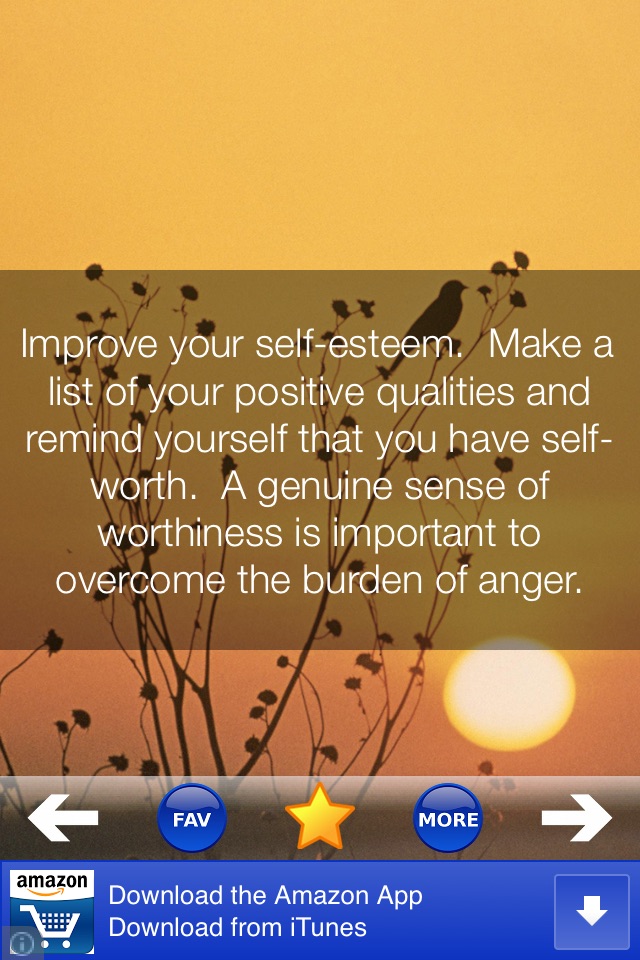 Anger Management Tips! screenshot 2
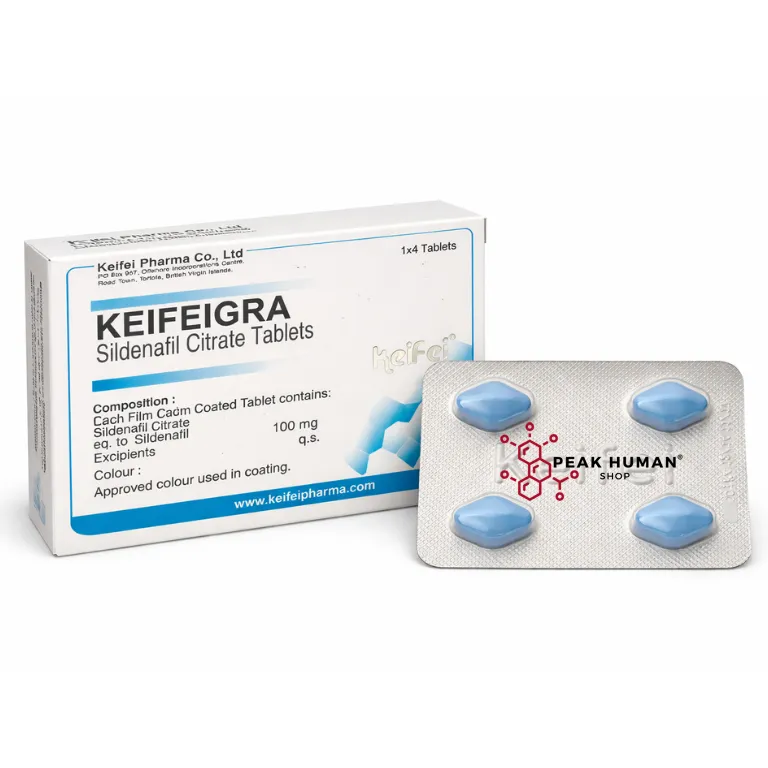 Keifei Keifeigra Sildenafil Citrate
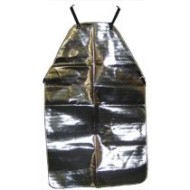 Aluminised Apron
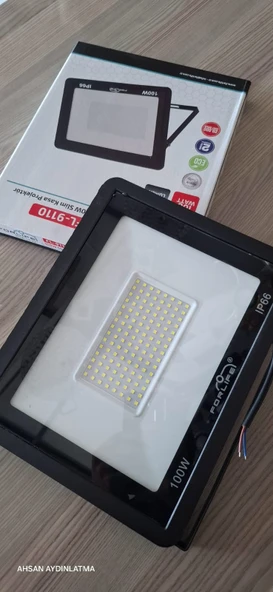 100W PROJEKTÖR BEYAZ IŞIK - 2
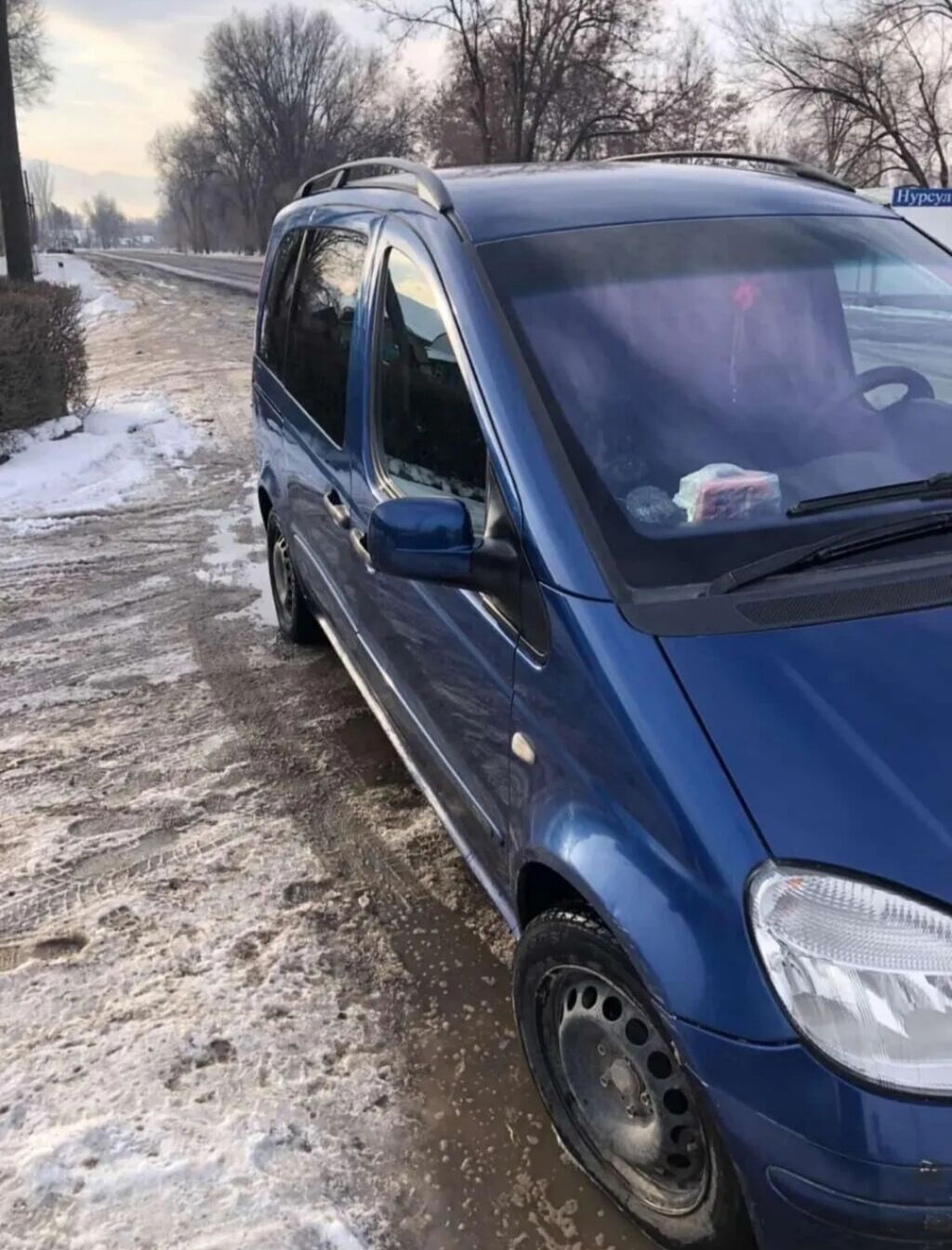 Mercedes-Benz Vaneo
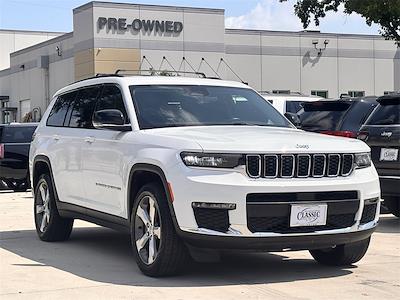 2021 Jeep Grand Cherokee L 4x2 SUV for sale #N8126740A - photo 1
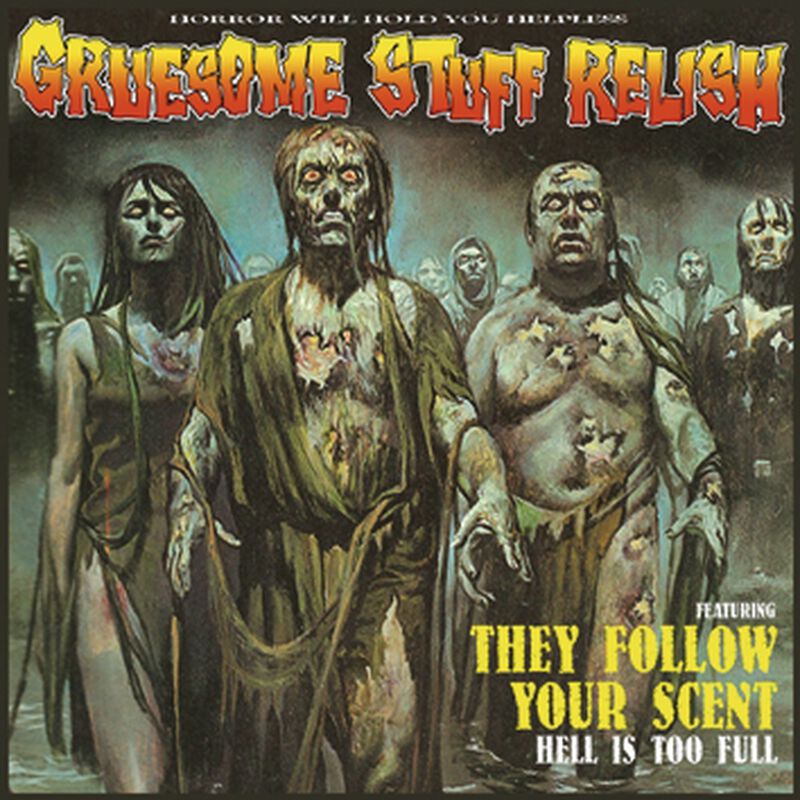 HAEMORRHAGE / GRUESOME STUFF RELISH -Split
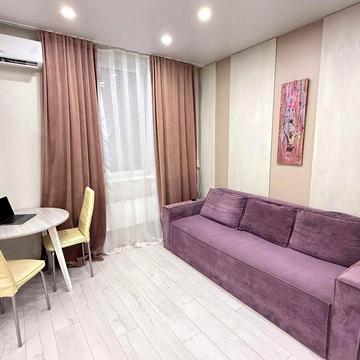 Продаж 1-кім. смарт-квартира в ЖК ParkLand, вул. Промениста Паркленд ЖК Parkland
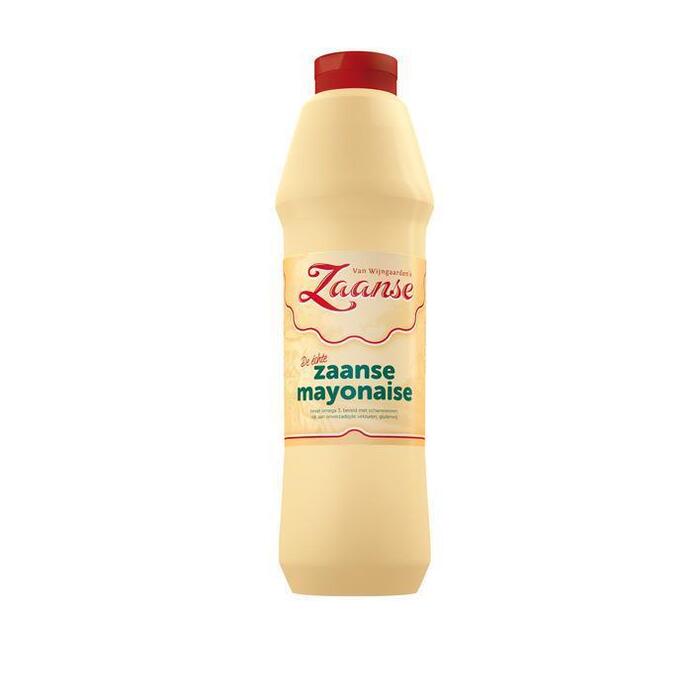 Zaanse mayonaise (tube, 0.85L)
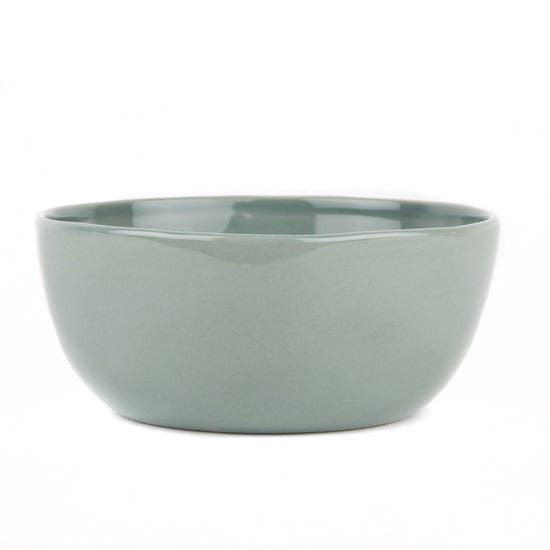 Sage Large Ceramic Dipping Bowl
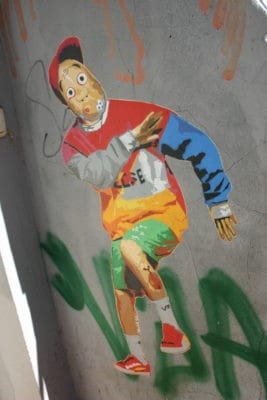 admin ajax - Street Art in der Schanze: Ein Stadtteil voller Kunst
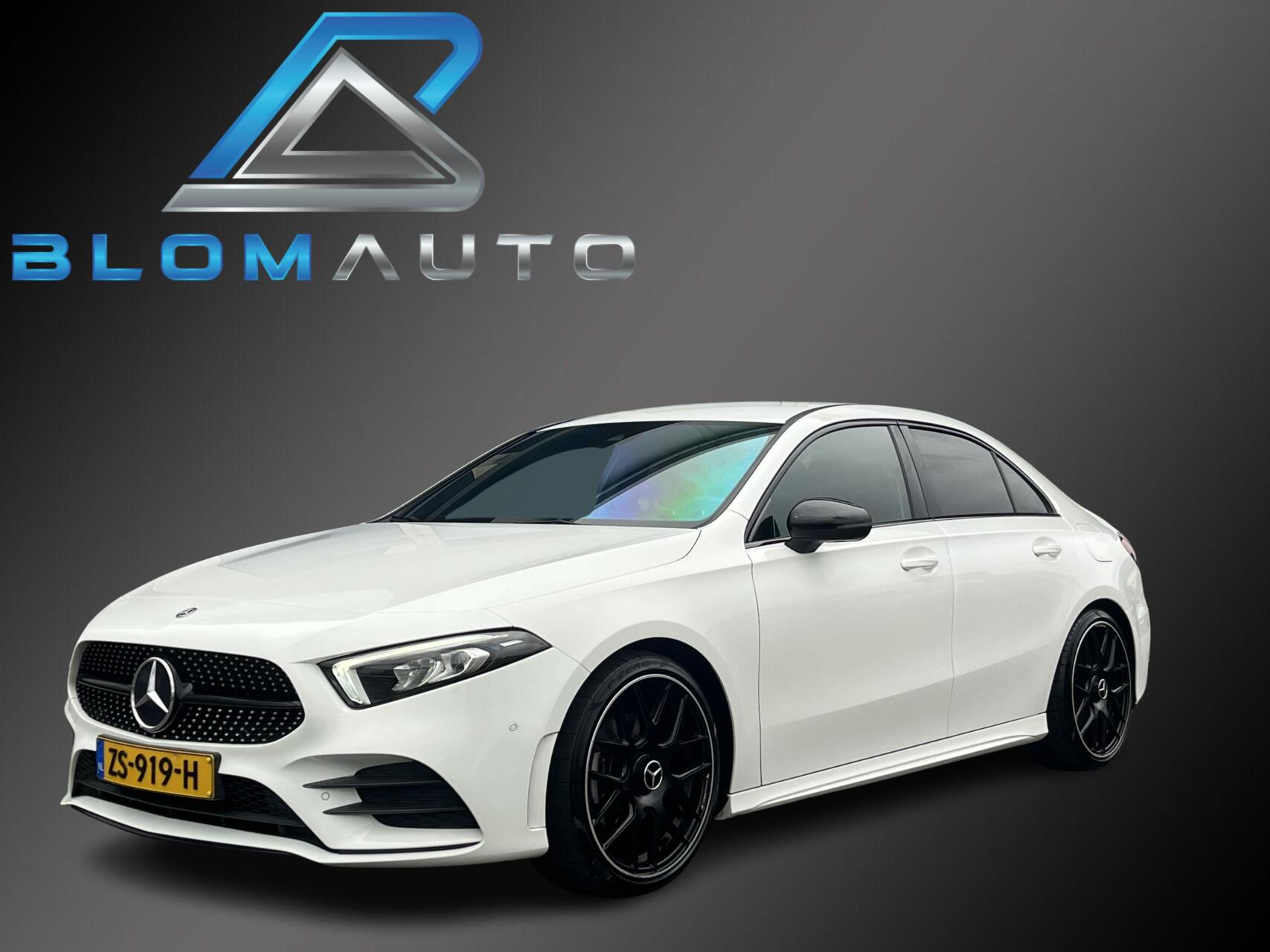 Foto van MERCEDES-BENZ A 200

***

_EXERCISE_
From the first record above to the last, output each one exactly and omit the pictures.

_ANSWER SPACE_
 Anger Management Tips! screenshot 2
 Keifei Keifeigra Sildenafil Citrate
 Aluminised Apron
 100W PROJEKTÖR BEYAZ IŞIK - 2
 Mercedes-Benz Vaneo
 2021 Jeep Grand Cherokee L 4x2 SUV for sale #N8126740A - photo 1
 HAEMORRHAGE / GRUESOME STUFF RELISH -Split
 Продаж 1-кім. смарт-квартира в ЖК ParkLand, вул. Промениста Паркленд ЖК Parkland
 Zaanse mayonaise (tube, 0.85L)
 Sage Large Ceramic Dipping Bowl
 admin ajax - Street Art in der Schanze: Ein Stadtteil voller Kunst
 Foto van MERCEDES-BENZ A 200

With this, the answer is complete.